**Aim of the task**:
From the records below, transcribe only the lines running from the one with "Saints Paisios of" through the one with "VT license plate ACE355". Keep both of those end lines.

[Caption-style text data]
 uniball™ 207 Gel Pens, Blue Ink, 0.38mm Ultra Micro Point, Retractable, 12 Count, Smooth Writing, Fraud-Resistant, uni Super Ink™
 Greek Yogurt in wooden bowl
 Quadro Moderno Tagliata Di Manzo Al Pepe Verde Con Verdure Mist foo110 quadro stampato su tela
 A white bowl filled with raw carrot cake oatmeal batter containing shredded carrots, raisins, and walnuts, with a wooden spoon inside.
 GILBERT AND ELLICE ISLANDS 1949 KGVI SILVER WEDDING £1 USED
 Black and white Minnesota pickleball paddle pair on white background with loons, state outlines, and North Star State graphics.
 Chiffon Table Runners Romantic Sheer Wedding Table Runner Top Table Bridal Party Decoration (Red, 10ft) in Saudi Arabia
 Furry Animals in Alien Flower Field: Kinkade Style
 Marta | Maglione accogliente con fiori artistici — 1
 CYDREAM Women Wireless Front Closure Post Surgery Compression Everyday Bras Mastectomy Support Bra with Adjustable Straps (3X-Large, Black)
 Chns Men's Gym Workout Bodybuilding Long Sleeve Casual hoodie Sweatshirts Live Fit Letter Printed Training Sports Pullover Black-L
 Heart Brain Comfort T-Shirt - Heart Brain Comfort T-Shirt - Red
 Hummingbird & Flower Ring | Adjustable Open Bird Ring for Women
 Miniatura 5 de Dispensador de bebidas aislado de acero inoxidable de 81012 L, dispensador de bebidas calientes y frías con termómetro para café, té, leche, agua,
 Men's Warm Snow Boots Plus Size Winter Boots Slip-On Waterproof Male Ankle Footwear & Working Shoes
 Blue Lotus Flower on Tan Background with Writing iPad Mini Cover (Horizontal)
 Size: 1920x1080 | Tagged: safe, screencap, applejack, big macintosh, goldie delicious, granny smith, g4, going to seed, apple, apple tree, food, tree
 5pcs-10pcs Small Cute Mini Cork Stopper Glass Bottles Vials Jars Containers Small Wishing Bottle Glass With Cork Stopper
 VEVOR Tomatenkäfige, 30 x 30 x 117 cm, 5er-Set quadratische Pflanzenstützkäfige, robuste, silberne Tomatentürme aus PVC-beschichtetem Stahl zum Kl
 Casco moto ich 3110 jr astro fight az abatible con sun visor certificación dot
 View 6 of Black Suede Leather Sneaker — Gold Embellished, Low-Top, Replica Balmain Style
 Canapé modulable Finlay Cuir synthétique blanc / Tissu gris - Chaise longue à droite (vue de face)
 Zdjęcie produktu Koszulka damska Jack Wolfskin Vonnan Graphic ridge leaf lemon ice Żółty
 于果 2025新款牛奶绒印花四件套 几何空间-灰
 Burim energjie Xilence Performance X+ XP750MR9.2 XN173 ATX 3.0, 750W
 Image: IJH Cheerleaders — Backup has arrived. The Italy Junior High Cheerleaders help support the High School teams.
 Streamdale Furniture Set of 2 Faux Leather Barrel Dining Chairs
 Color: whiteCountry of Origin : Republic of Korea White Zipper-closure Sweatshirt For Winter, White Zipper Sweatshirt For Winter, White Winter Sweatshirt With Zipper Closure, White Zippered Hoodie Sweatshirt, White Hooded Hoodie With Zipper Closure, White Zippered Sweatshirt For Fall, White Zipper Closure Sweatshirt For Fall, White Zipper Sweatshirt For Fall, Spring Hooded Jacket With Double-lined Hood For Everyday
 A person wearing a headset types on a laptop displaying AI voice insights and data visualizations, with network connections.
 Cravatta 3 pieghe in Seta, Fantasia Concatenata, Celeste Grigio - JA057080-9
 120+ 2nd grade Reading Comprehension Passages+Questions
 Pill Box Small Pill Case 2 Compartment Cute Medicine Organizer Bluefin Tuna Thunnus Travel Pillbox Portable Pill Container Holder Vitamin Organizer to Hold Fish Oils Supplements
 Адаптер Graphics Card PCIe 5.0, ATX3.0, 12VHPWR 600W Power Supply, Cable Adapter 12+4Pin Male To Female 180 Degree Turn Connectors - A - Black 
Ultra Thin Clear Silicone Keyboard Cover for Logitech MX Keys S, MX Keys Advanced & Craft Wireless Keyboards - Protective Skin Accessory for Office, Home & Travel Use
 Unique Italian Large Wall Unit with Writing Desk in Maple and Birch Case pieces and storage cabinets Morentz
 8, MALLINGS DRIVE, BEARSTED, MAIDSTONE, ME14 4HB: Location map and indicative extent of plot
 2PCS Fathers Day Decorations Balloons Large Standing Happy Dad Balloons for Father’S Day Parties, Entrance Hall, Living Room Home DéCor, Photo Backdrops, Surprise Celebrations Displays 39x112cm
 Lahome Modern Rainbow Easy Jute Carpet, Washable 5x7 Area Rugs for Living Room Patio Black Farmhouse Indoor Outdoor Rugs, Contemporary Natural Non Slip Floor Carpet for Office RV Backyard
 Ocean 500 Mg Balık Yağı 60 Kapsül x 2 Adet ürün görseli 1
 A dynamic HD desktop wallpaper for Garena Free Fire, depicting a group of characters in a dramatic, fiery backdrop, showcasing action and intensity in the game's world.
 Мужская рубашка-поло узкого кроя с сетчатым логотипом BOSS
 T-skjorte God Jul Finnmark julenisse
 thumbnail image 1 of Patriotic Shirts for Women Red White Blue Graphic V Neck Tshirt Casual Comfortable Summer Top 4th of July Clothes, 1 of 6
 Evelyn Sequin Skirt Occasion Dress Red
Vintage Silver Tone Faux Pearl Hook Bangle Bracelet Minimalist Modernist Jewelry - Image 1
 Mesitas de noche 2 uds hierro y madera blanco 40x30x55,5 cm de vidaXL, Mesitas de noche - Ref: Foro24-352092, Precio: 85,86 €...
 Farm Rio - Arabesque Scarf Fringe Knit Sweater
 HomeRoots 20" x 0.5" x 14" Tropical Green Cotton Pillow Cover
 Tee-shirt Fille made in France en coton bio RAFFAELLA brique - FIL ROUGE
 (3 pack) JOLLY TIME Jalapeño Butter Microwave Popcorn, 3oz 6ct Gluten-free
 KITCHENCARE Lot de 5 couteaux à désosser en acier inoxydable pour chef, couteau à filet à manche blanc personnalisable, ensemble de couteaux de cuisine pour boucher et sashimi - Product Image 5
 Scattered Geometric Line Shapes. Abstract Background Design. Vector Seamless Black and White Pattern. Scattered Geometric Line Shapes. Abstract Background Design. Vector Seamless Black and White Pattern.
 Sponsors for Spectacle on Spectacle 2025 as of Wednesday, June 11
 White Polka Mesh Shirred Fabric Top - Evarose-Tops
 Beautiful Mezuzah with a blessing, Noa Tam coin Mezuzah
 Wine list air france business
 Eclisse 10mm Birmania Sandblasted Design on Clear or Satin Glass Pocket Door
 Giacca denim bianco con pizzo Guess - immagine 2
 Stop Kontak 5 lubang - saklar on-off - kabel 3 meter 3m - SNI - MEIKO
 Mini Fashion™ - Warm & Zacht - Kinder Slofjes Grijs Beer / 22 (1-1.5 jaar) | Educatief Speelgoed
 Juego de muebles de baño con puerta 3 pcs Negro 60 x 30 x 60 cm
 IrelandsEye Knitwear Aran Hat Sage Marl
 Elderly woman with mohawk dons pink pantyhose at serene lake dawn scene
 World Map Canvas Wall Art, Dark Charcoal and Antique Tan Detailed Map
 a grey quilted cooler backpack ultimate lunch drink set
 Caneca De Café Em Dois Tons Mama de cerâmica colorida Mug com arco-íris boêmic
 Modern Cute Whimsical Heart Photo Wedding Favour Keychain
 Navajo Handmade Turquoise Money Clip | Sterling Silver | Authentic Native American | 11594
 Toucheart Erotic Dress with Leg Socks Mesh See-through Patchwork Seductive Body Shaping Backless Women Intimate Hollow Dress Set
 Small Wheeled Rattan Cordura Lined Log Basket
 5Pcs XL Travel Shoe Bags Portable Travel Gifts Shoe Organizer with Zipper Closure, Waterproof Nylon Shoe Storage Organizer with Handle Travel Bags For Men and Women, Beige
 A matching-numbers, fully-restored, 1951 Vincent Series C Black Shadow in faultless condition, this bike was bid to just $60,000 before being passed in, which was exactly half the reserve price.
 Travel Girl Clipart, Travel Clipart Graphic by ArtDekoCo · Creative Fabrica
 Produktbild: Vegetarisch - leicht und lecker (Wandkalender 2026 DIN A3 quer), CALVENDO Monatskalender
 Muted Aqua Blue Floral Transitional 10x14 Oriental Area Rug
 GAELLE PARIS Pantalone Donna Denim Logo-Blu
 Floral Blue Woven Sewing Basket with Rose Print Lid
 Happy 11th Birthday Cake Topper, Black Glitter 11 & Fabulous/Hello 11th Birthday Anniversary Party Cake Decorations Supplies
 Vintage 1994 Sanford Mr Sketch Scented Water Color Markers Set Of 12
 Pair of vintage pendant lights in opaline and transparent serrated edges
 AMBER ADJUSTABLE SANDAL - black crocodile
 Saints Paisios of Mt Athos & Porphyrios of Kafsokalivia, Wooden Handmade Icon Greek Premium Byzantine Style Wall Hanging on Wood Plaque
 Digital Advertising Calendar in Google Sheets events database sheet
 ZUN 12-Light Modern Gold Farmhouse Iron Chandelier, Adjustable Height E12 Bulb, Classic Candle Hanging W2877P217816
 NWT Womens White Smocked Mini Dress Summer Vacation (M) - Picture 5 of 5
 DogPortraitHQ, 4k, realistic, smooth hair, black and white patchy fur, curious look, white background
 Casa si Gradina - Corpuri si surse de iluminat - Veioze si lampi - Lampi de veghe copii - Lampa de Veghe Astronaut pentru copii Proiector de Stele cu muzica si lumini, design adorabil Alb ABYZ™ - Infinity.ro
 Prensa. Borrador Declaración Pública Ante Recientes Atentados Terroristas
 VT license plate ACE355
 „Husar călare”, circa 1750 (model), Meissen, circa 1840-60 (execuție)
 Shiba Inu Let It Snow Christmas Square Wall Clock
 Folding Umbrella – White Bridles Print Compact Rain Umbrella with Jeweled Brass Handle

**Solution to the exercise**:
 Saints Paisios of Mt Athos & Porphyrios of Kafsokalivia, Wooden Handmade Icon Greek Premium Byzantine Style Wall Hanging on Wood Plaque
 Digital Advertising Calendar in Google Sheets events database sheet
 ZUN 12-Light Modern Gold Farmhouse Iron Chandelier, Adjustable Height E12 Bulb, Classic Candle Hanging W2877P217816
 NWT Womens White Smocked Mini Dress Summer Vacation (M) - Picture 5 of 5
 DogPortraitHQ, 4k, realistic, smooth hair, black and white patchy fur, curious look, white background
 Casa si Gradina - Corpuri si surse de iluminat - Veioze si lampi - Lampi de veghe copii - Lampa de Veghe Astronaut pentru copii Proiector de Stele cu muzica si lumini, design adorabil Alb ABYZ™ - Infinity.ro
 Prensa. Borrador Declaración Pública Ante Recientes Atentados Terroristas
 VT license plate ACE355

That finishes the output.